A neon night at Nitro Club, Boulder’s last and only strip club

A Moth by Sundown

By Edward Simpson Aug 28 2019

Editor’s note: With the closing of North Boulder’s Bus Stop last year, there’s only one strip club left in Boulder, Nitro Club, located in an alley just south of the Pearl Street Mall between Broadway Ave. and 11th Street. Opened in 2007, the club has survived battles with the city to remain. The below is a chronicle of a recent Nitro Club experience by BDLRfly writer Edward Simpson.

I just wanted to get a few drinks, knick a spot that didn’t seem like it belonged.

On the Pearl Street Mall, families and lovers strolled, kids ate ice cream, street entertainers drummed plastic buckets, a man on a tower of chairs juggled flaming knives, and fortune tellers advised listeners to follow constellations.

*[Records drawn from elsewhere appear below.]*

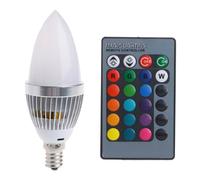 3W Intelligent E12 RGB LED Ampoule ColoréE de Changement de Couleur avec 24 Bougies TéLéCommande Bouton Abat-Jour Laiteux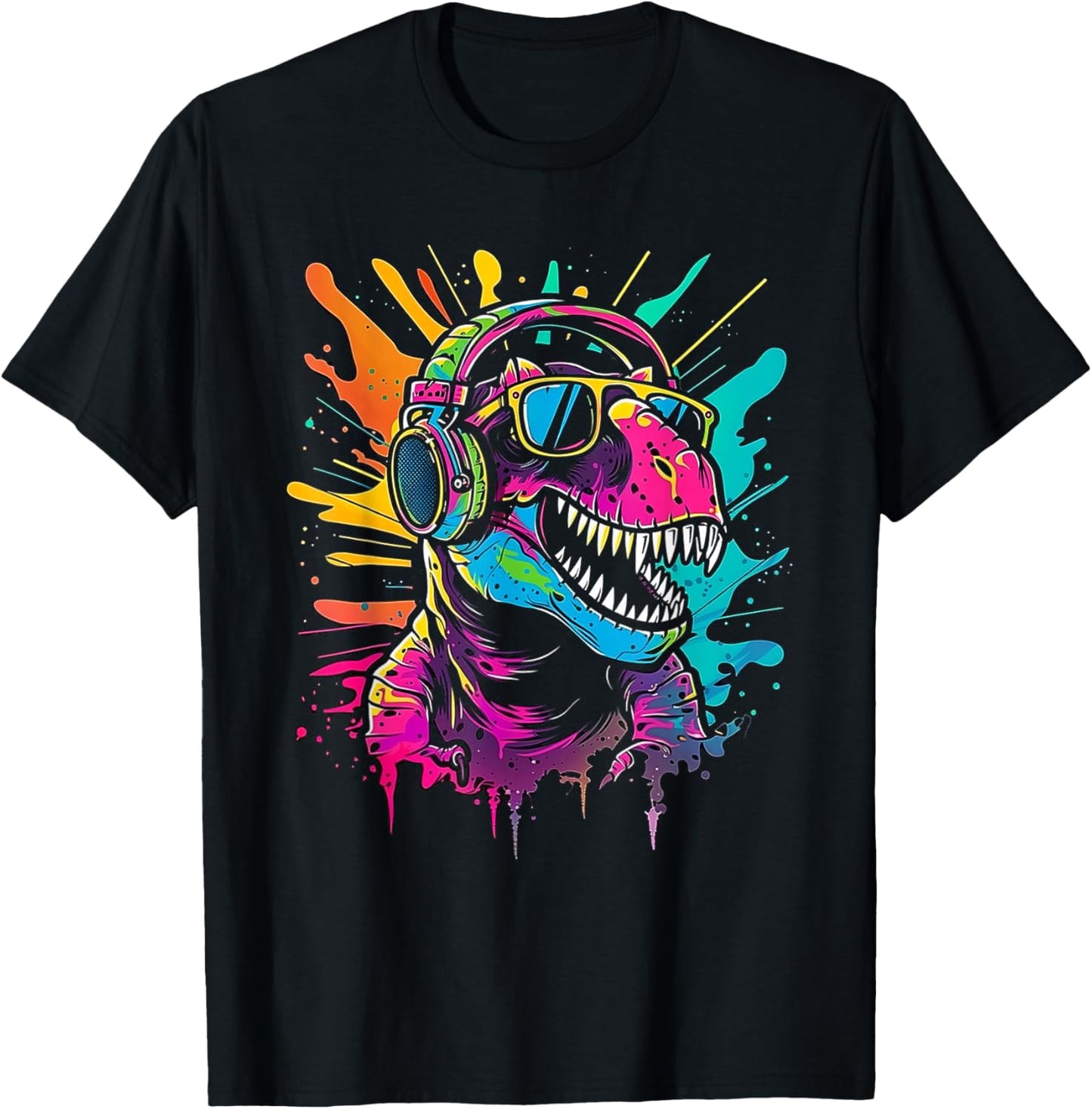 colored dinosaur DJ With Headphones and Sunglasses dino T-Shirt - T-Shirt | Black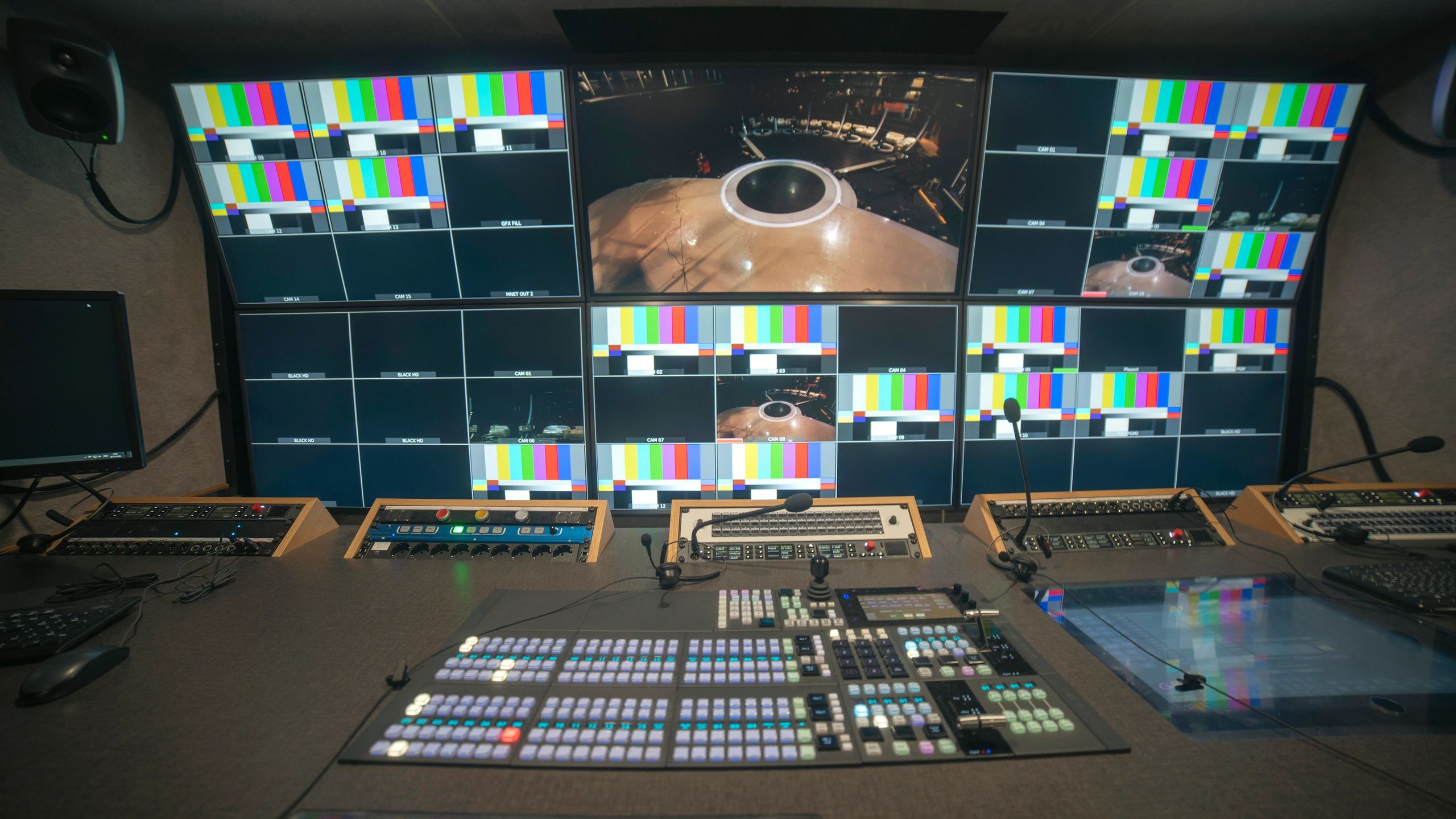 Professional video control room and post-production monitors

So I haunted the North Star and crawled into the Sundown Saloon to find loose magic. I grabbed a beer, found a perch, and watched patrons shoot pool. Guys showed girls how to take shots. Girls acted like they didn’t know how to play.

Here in America, we were still playing out casualties, and it was nice to think I could profit off a gamble, but I wasn’t there for that.

I went to take a piss; I flushed and ran out the rear exit. I stumbled up the steps loony, caught by the moon’s intention. Moths racketeered the street lamp.

The ambient melancholy settled on casual smokers. A hand rested on a boy’s back. He was looking at the ground, clutching his stomach. A girl stroked his hair. A girl in a sachet let the wind wrap around her. A stream of tobacco fell off rogue lips.

Neon Night

Entering Nitro, the bouncer stood with his arms crossed. He asked me for money, and I forked it over to fall into another room. The door handle was gold. The music was low.

I found a seat by the bar and ordered a beer. The air was pink. A girl appeared, a ghost in a silver dress, whispering she liked my floral pattern. It was all dandy. She perched by my ear and said, “Hi.” She asked how I wound up here. I told her I was there to write a story. She said she met three writers already and I asked for a gun.

It was a polite beer. I asked her what I need to pay attention to and she said the next song. “I’m going on if you want to throw your dollars south.”

Despite her sly demeanor, I sipped my beer and watched her leave her dress to gravity. She was sharp and serpentined up to wide legs and a stack of dollars. She bit the neon as she arched her back. Red auras manipulated around her silhouette. She clacked her heels together. This was not Kansas.

An older gentleman watched from corner stage. A guy tucked a dollar into a tall blonde’s g-string while his girlfriend watched. Jesus held a dollar to the wind, toes poking out of his sandals.

The bartender stood in blue, drying a glass. Cottonmouth was hunkering. I began to understand how and why a lusty dive carved into the underbelly of Boulder was an alternate dimension.

Nitro’s back alley by day. A very different scene. Photo: Tatyana Sharpton

The economy was stimulated. The lonely were saved from their homes. College girls were making well below their pay-grade.

I sat by the stage. The red light kissed my knees. A new duo took the stage, a new demeanor, its own striation.

She crooned by the pole, flipped into the rafters, came down like a feather. People were smiling. Snakes hugged my ankles. The bartender fueled my ambitions. If I let the melancholy take hold, it would feel delicately dandelion. I must’ve fallen in love five times.

A girl had a boy and dog on her hips. One girl had fire in her hair. A brunette was a crane in another life. The audience gawked in a form of worship. She took his hand and lead him where no one could see, told him secrets for three minutes, and returned by the song.

Return

Back in the low whispers of street drunks, I was so drowsy in love.

Gold bled from restaurant signs. People intertwined in glass. The Flatirons loomed like dark giants over Boulder, extending a somber shadow in the evening.

Executives drove their sharks home. Couples had their doubts. Wives became mothers. Sons and daughters came out. Mothers and fathers became swingers. Someone would drink whiskey from the cabinet. Someone would cry. Someone would masturbate and go to sleep. Someone would play Xbox.

Surely, it would all be okay behind closed doors.

The establishment would be hollow by morning. America would still thrive in the muzzled mouth of suburbia — a gold molar hidden in photography — a temporary fortune — a reflection in a storefront window, huddled, walking in the scent of someone else’s perfume.